If a game has either win or lose outcome, what is then the expected utility measured as?

A

A win percentage

62
Q

What is a playout policy in MCTS?

A

Playout policy is a way of making choices during simulation. We naturally dont want to pick random moves, as this will give the result of average utility when moves are random. therefore, we want to head towards good moves.

63
Q

What is pure monte carlo search?

A

Pure monte carlo search do N simulations starting from the current state of the game, and track which of the moves have the highest win percentage.

64
Q

Is the pure monte carlo search sufficient?

A

No, because for many games it will not converge towards optimal play as N increase.

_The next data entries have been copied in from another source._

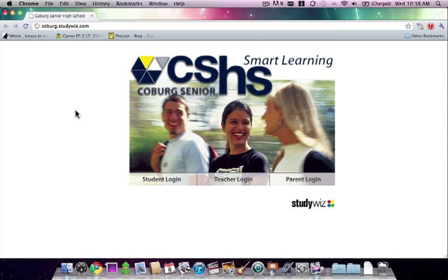Hello there and welcome to another Coburg Senior High School quick tech tip. Today I'm going to be showing you how to get QuickTime to play any video format you can think of — AVIs, MKVs, GTGs... just kidding.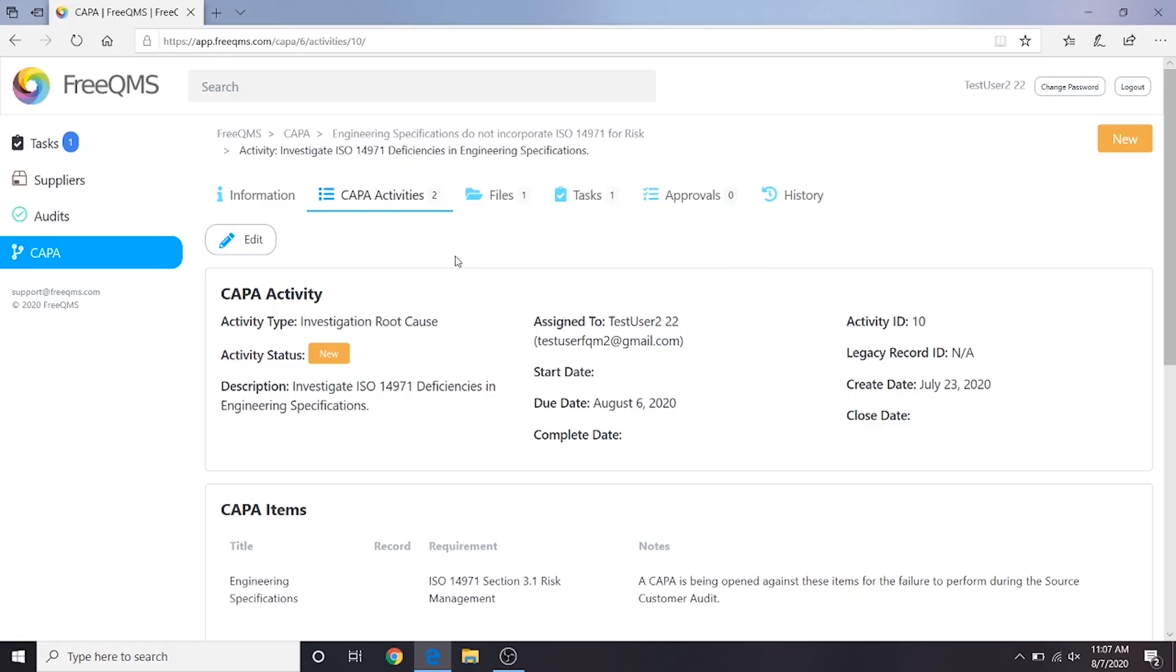Also, it's possible there may not be an investigation, if the investigation was already performed as part of a nonconformance or audit finding. This is why FreeQMS offers the ability to generate flexible activity types.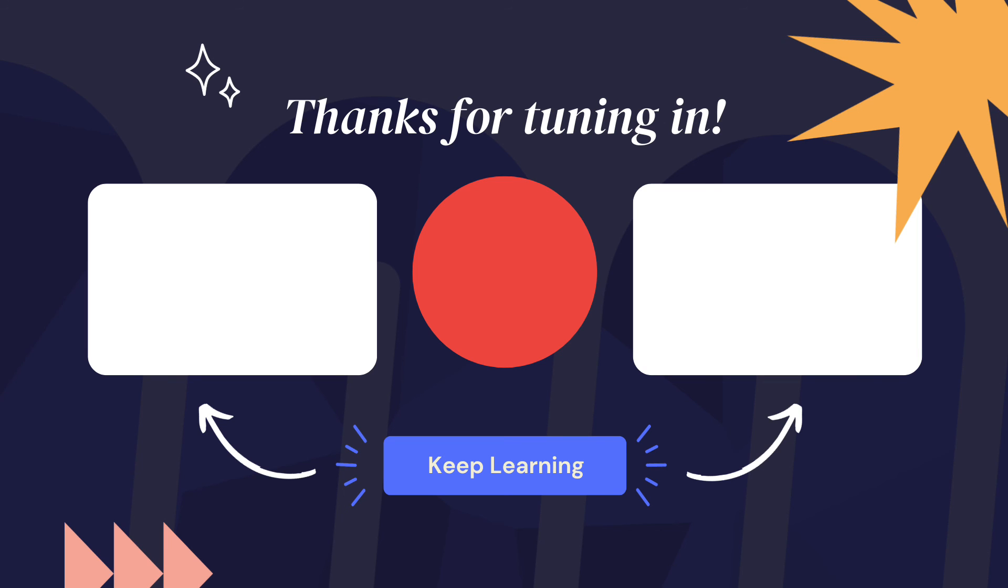If you learned something new in this video, give it a like and make sure to subscribe to our channel for more great content. Thanks for tuning in. And remember, innovation should have no limits.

This is due to the state space being too large.

we need a selection policy that focus on important parts of the game tree.

65
Q

Recall the steps in the MINIMAX algorithm

A

The minimax algorithm consists of 3 parts.
1) The init function
2) the maxValue
3) the minValue

1)
function MINIMAX-SEARCH(game, state)
player = game.toPlay(state)
v, move = maxValue(game, state)
return (v, move)

2)
function maxValue(game, state)

if game.isTerminal(state): return (game.utility(state, player), null)

v, move = (-infinity)
for a in game.actions(state):
v2, a2 = minValue(game, result(state, a))
if v2 > v: v = v2 && move = a

“loop done”
return (v, move)

3)
function minValue(game, state)

if game.isTerminal(state):
return (game.utility(state, player), null)

v, move = infinity
for a in game.actions(state):
v2, a2 = maxValue(game, result(state, a))
if v2<v: v = v2 && move = a

“loop ended”
return (v, move)

IMPORTANT:
I first thought that a2 was sat to “move” if v2 > v (or v2 < v) but this is NOT the case. we set a to be equal to move. Thus, a is the retunred move. a2 is not really used.

66
Q

Elaborate on how the MINIMAX search algorithm works. Not necessarily the lines of code, but the general work it does

A

MAX starts.

THe search will search down until the furthest point. Along the path, all nodes that have been visited will get its own v and move value. These are sat as unsat for the time being.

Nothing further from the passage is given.